The Ramat Hasharon Hesder Yeshiva is something new and vibrant on the yeshiva scene and for the Jewish nation in general. There is an atmosphere of love and connection to the Jewish nation, to the Torah and to all that is related to them. As Hillel said: “Love others and bring them closer to the Torah.” First of all, you must love the people, and if you do, the connection to Torah will follow on its own. Without love, it won’t work.
I started learning at the Yeshiva as a single person and after I got married, I built my home here in Ramat Hasharon. The choice to live in the city was not only because of the Yeshiva, but rather the desire to step out of the Yeshiva and face the community. The Yeshiva taught me to build my home based on values of love for your fellow Jew, and when you live in the city, you find genuine, true ways to do this. I feel this personally and with my family.
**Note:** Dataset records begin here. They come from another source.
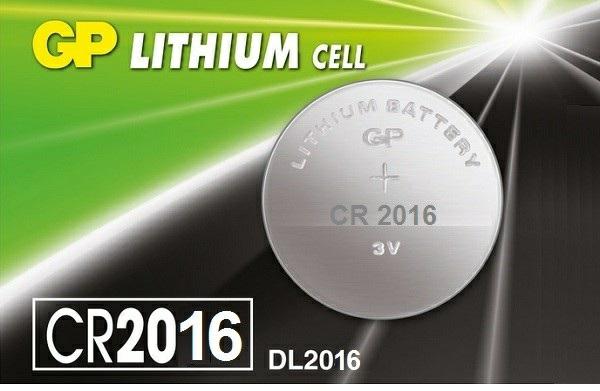 GP Bateria guzikowa CR-2016-U5  3V5/20/400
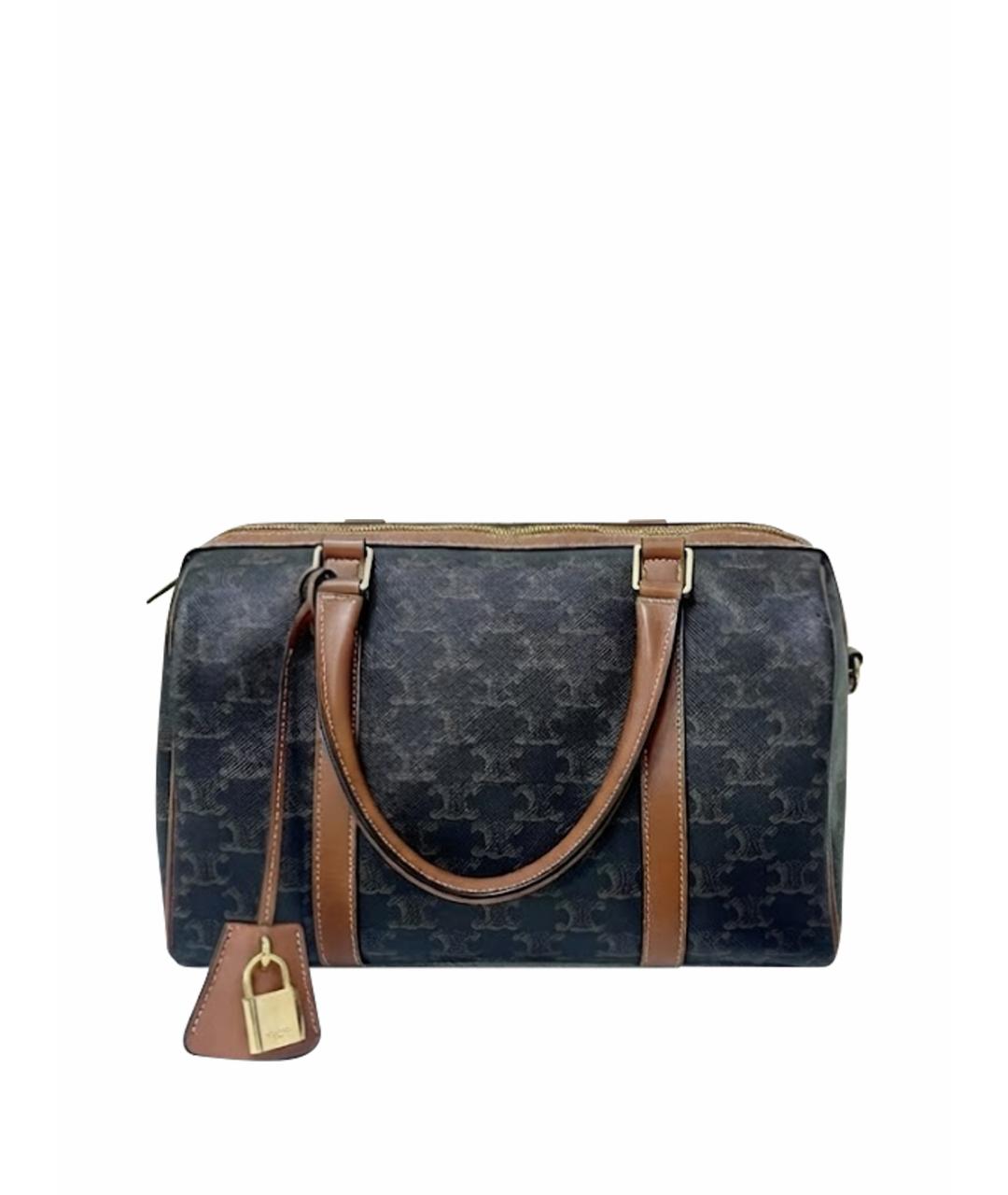 CELINE Черная сумка тоут из искусственной кожи, фото 1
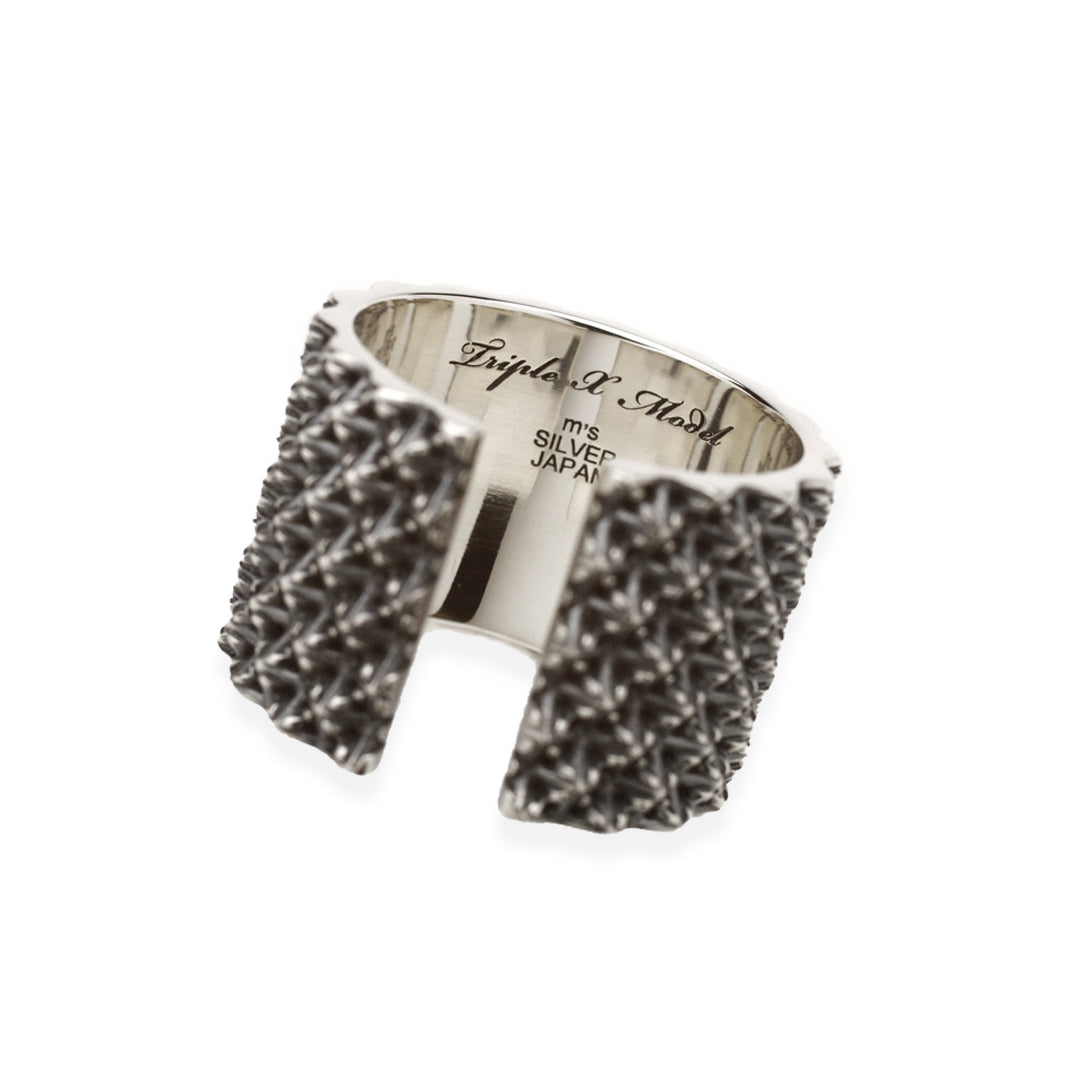 TRIPLE X STUDS WIDE RING / XR-030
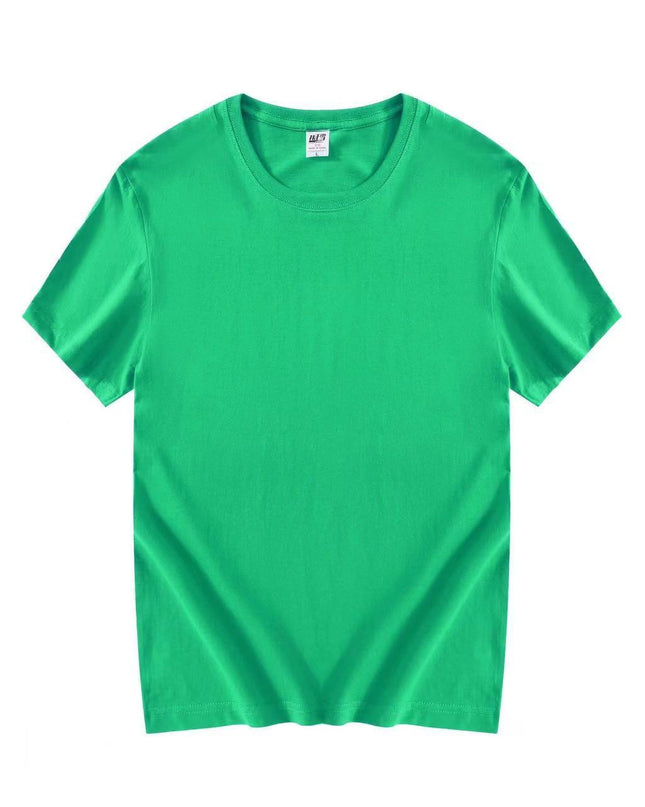 Round Neck Men's Short-sleeves Shirt Printed Logo All-matching Couple Style Half Sleeve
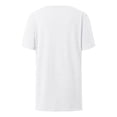 thumbnail image 3 of Basic T Shirts for Women 2025 Summer Casual Lightweight Short Sleeve V Neck Loose Plain Tshirt Womens T Shirts, 3 of 6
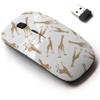 2.4G Wireless Mouse with Cute Pattern Design for All Laptops and Desktops with Nano Receiver - Adult Giraffe view 1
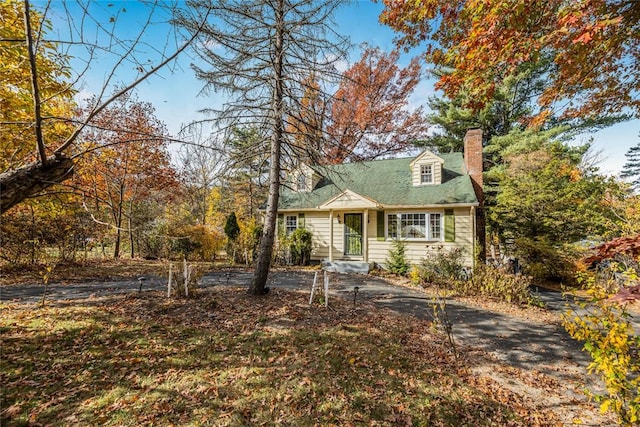 view of cape cod house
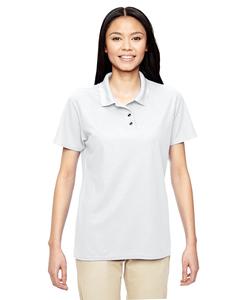 Gildan 45800L - Ladies' Performance Double Pique Sport Shirt Blanca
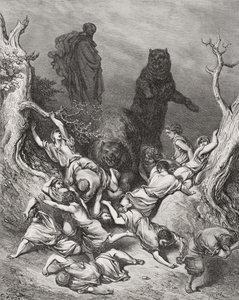 Die von Bären getöteten Kinder, Illustration aus Dores 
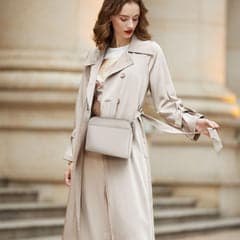 Bolso bandolera de piel sintética con 3 compartimentos y correa extraíble por 5.99€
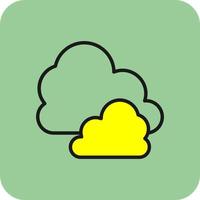 diseño de icono de vector de nube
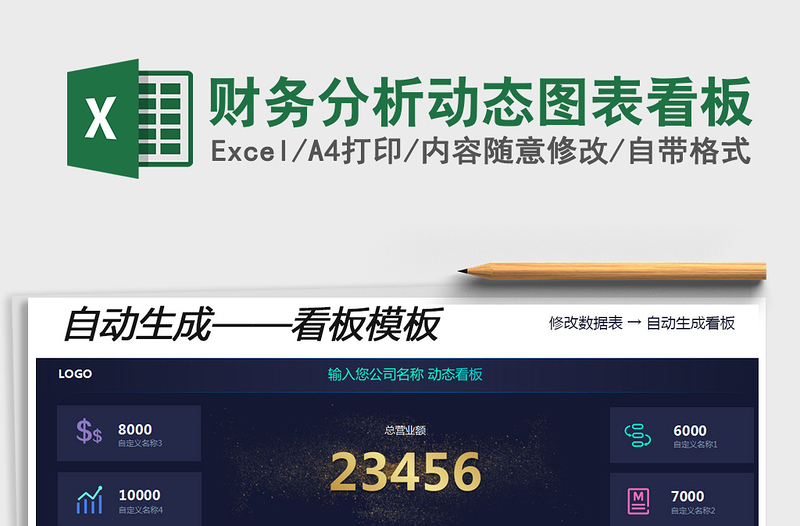 2024年财务分析动态图表看板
During my military service, I felt that without the Yeshiva, I wouldn’t have had the strength to manage the way I did in the army. The Yeshiva supported me and I felt that the Yeshiva was the one sending me to the army. The connection between the army and the Yeshiva contributed to this sense of harmony.
Coordinator of the Bar Mitzva Program
I came to the Yeshiva as a young 18-year-old after high school. I was looking for a place that combines Torah learning with serving God in a meaningful way. I also wanted a place that lifts up a person’s spirit – because it was clear to me that Torah study needs to impact the soul and make a person happy. When I came here, I found exactly what I was looking for. I have been here for eight years already (two of which were dedicated to IDF service), and I’ve found my place. A combination of Torah with the human soul. Another very important aspect here is the love and friendships that don’t exist anywhere else. People here really feel like family.
The Yeshiva is dedicated to being located in Ramat Hasharon, out of a desire to connect to the Jewish people. To the roots. Ramat Hasharon is considered a secular city and the Torah study that takes place at the Yeshiva, learning that is connected to all of the Jewish people – there’s no “private” Torah learning here – is very appropriate.
I grew up in Petach Tikva and studied at a yeshiva high school in Susya. Afterward, I studied at the yeshiva in Eli, during which I also did a year and four months of military service. After a few more years at the yeshiva in Eli, during which I got married and had three daughters, I moved with my family to Ramat Hasharon and entered the Yeshiva here. We understood that here we had found something unique that doesn’t exist anywhere else. At the Yeshiva, there is a unique combination of serious, uncompromising study with happiness and spirituality. At the Judges Kollel where I study, the objective is to raise Torah scholars who are capable of deciding rulings according to Jewish law, the Talmud and the commentaries, while possessing a genuine spirit of greatness that can contribute to the Jewish nation on all levels.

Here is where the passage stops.